Having read the tit-for-tat statements put out by the PR machines of both clubs, I doubt we are getting the whole truth from either camp.

The bottom line is that de Gea, one of the three best goalkeepers on earth, was grounded throughout the trading window while these clubs haggled. And his agent, the Portuguese Jorge Mendes who bills himself as the super agent, was either too busy pulling other deals or too cocksure that all the ends were tied up.

In the midnight hour, de Gea and Navas expected to be transferred, and were waiting to hear confirmation.

De Gea wanted this move for his own sake, his family and his Spanish pop-star girlfriend who lives in Madrid.

Navas wanted no part of it and, after a year understudying Iker Casillas at the Bernabeu, thought that his chance had come.

The Costa Rican, who shone at the 2014 World Cup Finals, started the season and the pre-season in superb form. He stopped almost everything, including a penalty.

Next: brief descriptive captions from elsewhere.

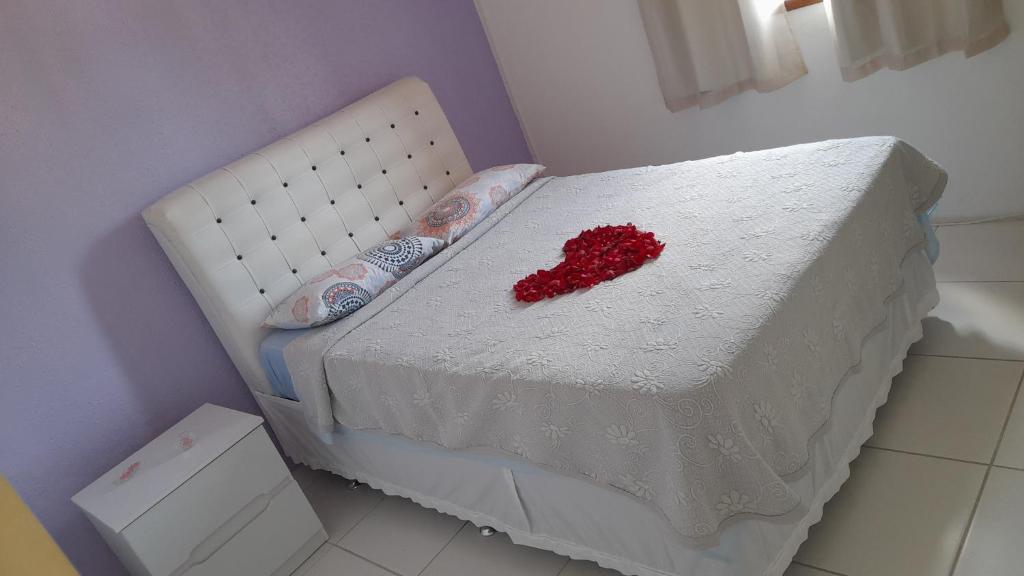 Una cama blanca con un corazón rojo. en Hospedaria Casa de Maria en Angra dos Reis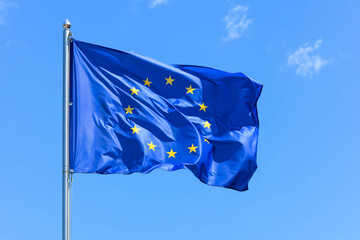 The flag of Europe, the symbol of the European Union and the Council of Europe, is a blue banner with 12 yellow stars forming a circle in the middle on a background of blue sky during the summer day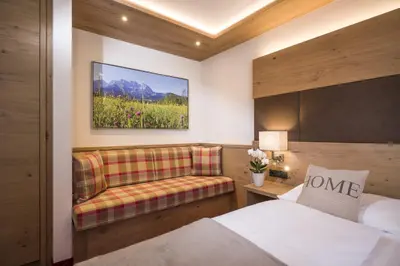Ein Bett oder Betten in einem Zimmer der Unterkunft Hotel Andreas Hofer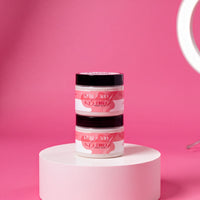 Two jars of pink hair color products are stacked on a white pedestal against a pink background.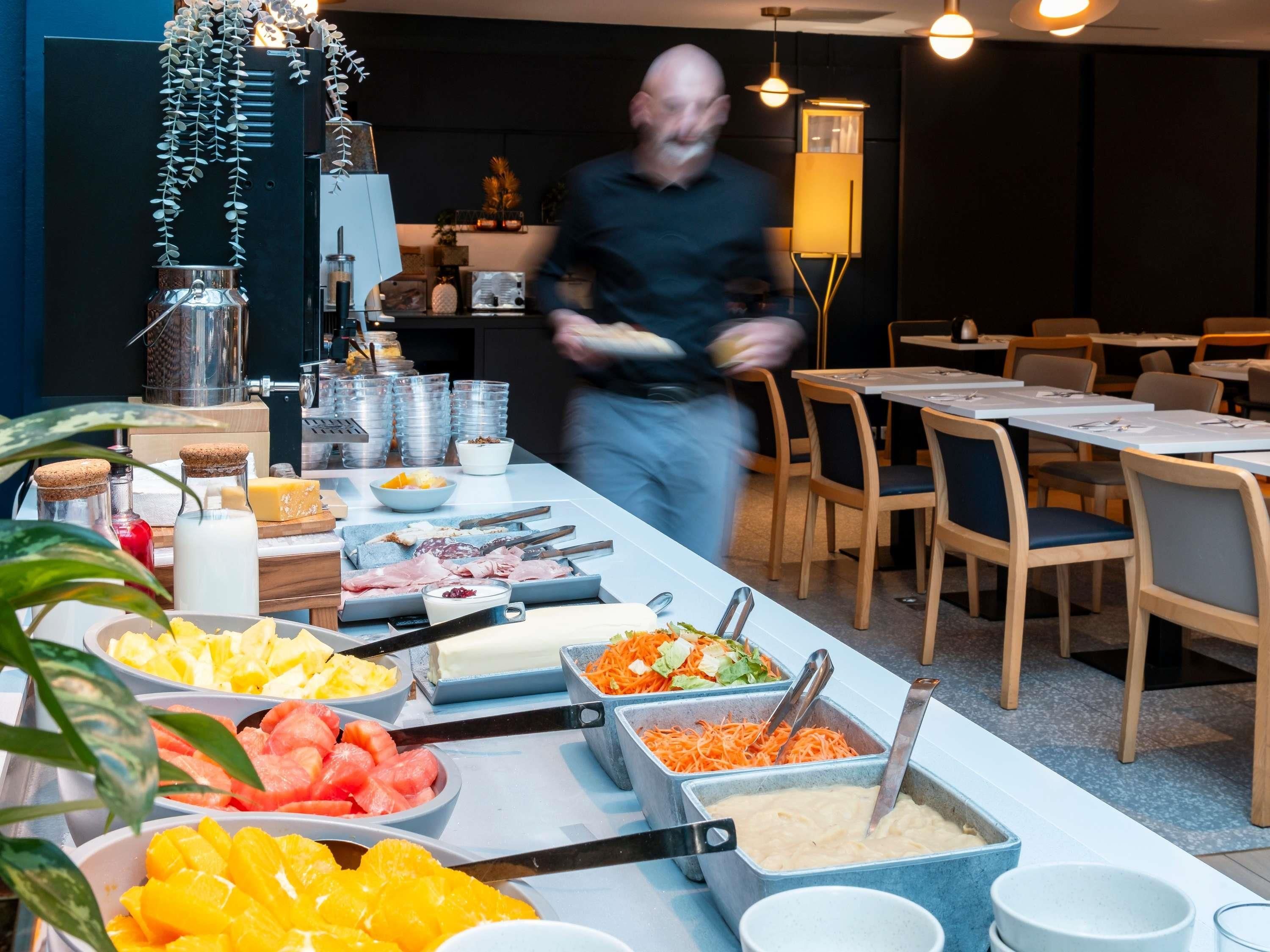 Un buffet proposant une variété de plats et une personne qui sert les clients.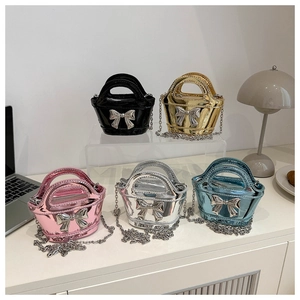 Detail of metallic girls' mini handbags with silver bows and chain straps in five colors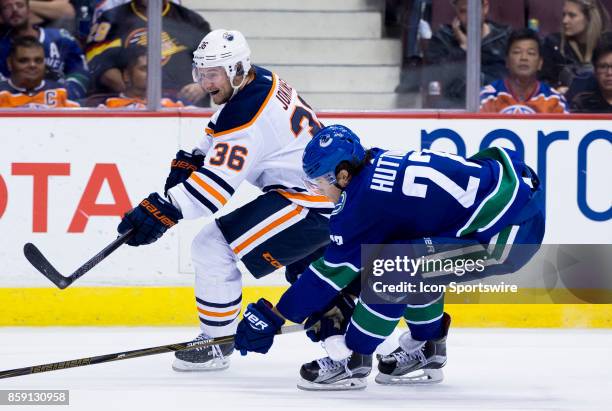 Vancouver Canucks Defenceman Ben Hutton attempts to check Edmonton Oilers Left Wing Jussi Jokinen during the Edmonton Oilers game versus the...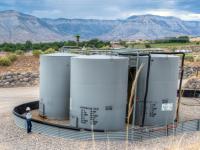A technician stands beside a BLM Colorado oil and gas well pad.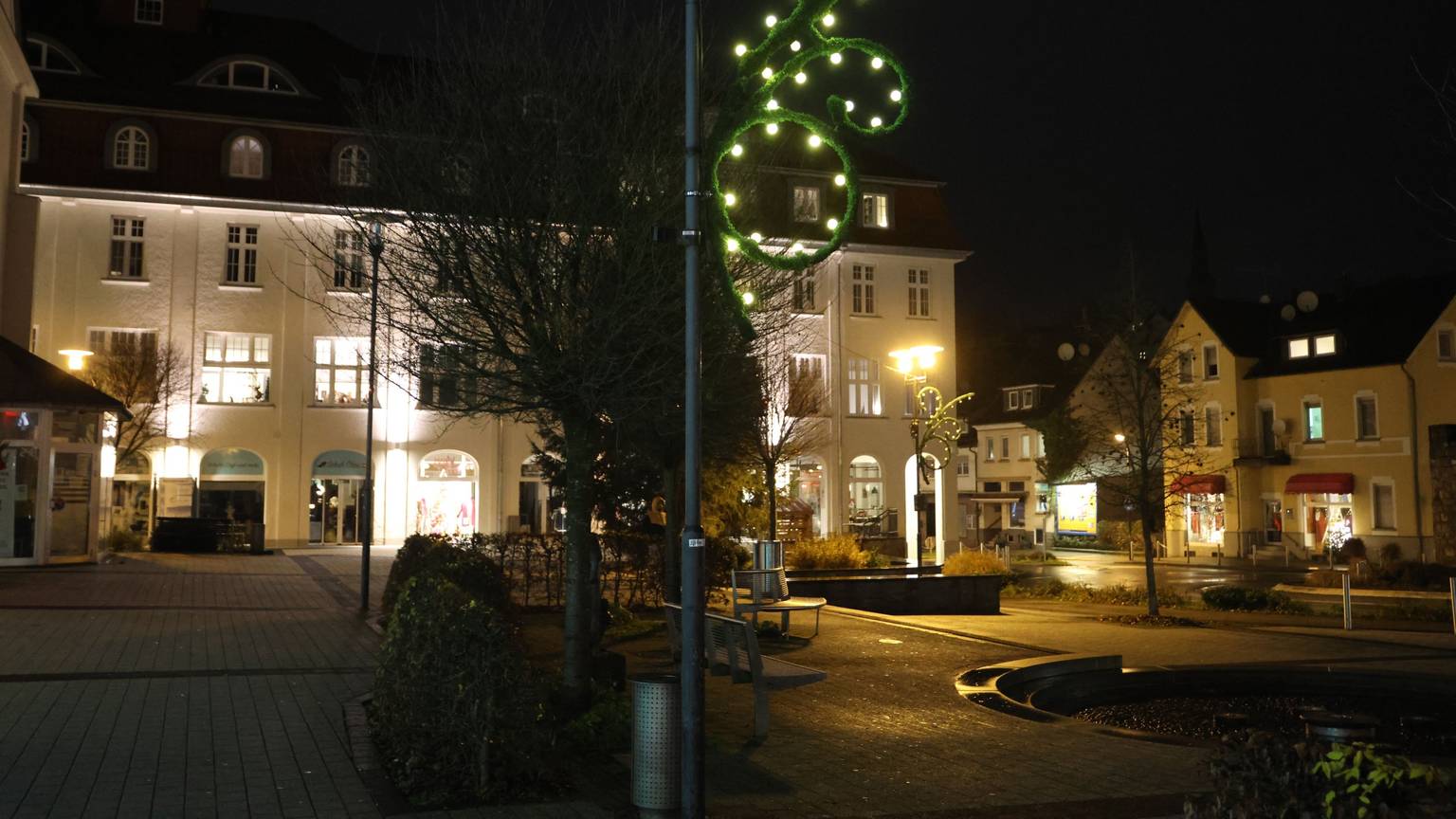 Auf dem dunklen Rathausplatz in Bergneustadt leuchtet eine Lichterkette an einem Laternenmast.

But on the final day of the window, United made him a part of the transfer deadline deal. Two things persuaded him: The fact that he clearly was no longer wanted at Madrid, and the offer to double his salary by moving on like a good boy to United.

These are grown adults we are discussing. Their trades on the whims of club owners would have added to 6,848 summer transfers logged by the German website whose computer data ran to 274 pages of player movements in this window.

The sum total, dominated by the English Premier League (EPL), amounts to billions in any currency you care to use. The EPL statistic, a measure of guesswork and computed figures supplied by the leagues, come to £824.43 million - well over €1 billion, US$1 billion, and S$1.78 billion.

Two thirds of that turnover is a loss to the English clubs, cash speculated in anticipation of a new television deal which, from next July, shares the bulk of a new three-year domestic broadcasting rights (the overseas' rights still being negotiated across 180 territories are expected to add a minimum of £2.2 billion).

All of these can dehumanise the players, and in the case of United and Real, make idiots of the officials.

The haggling does put men's lives into limbo. The goalkeepers in Madrid were, either willing or coerced, about to get their life's desire until it fell through in the dead of night.

In England, an impasse between Spurs and West Bromwich Albion left Saido Berahino in no man's land. He sought the move but Spurs chairman Daniel Levy (well-known for his deadline tactics that screwed over £80 million out of Real Madrid for Gareth Bale two seasons ago) and West Brom's stubborn chairman Jeremy Peace could not agree on the fee.

Berahino used social media to say he will never play for West Brom while Peace remains chairman.

Silly, misguided, upset Berahino.

The pawns in this business are supposed to remain silent and accept whatever the presidents or chairmen decide is the right and proper sum to buy and sell.

However, now that de Gea has to get over his temporary loss and get back to work at Old Trafford, he needs to mend fences.

Louis van Gaal is a specialist in upsetting players. He has this old-fashioned notion that men must earn their corn doing as he says. It doesn't go down too well with multi-millionaires, but there's light at the end of the tunnel for the goalies.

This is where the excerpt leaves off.